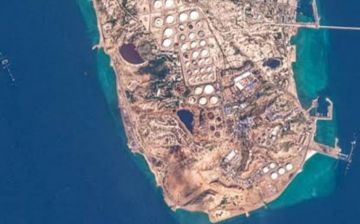 إيران تعلق على استهداف جزير لارك إيران تعلق على استهداف جزير لارك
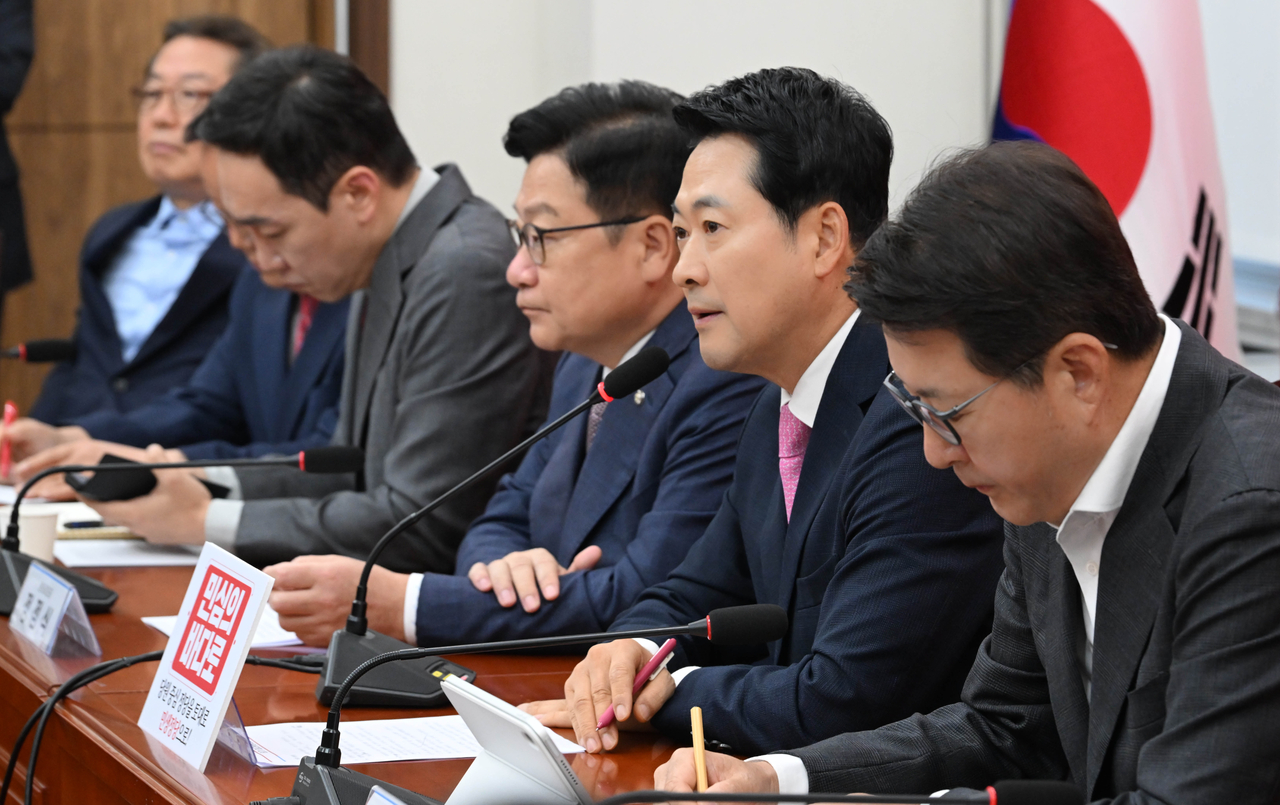 People Power Party leader Jang Dong-hyeok speaks during a Supreme Council meeting at the National Assembly in Yeouido, Seoul, on Monday morning.
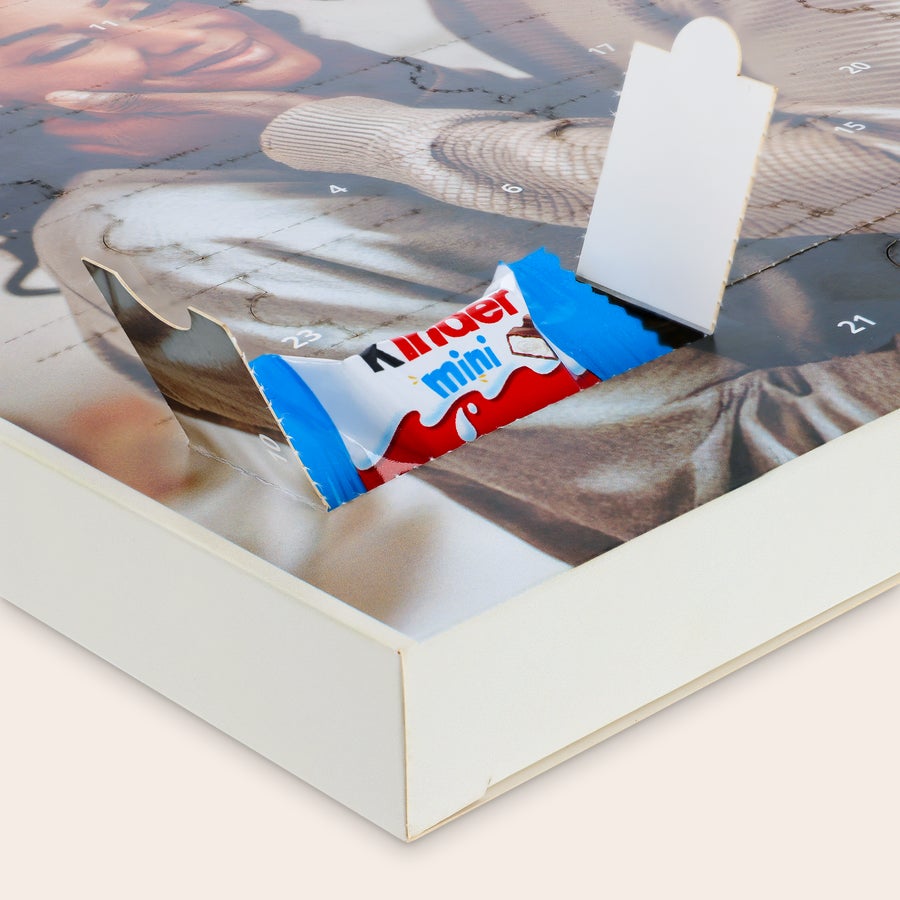 kinderschokolade adventskalender Personalisierter Adventskalender für Kinder, bedruckt mit Foto, zeigt eine Kinder Mini-Schokolade.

EXERCISE GOAL: Repeat every line of the data exactly, but do not include pictures.

PROBLEM SOLUTION:
 إيران تعلق على استهداف جزير لارك إيران تعلق على استهداف جزير لارك
 People Power Party leader Jang Dong-hyeok speaks during a Supreme Council meeting at the National Assembly in Yeouido, Seoul, on Monday morning.
 kinderschokolade adventskalender Personalisierter Adventskalender für Kinder, bedruckt mit Foto, zeigt eine Kinder Mini-Schokolade.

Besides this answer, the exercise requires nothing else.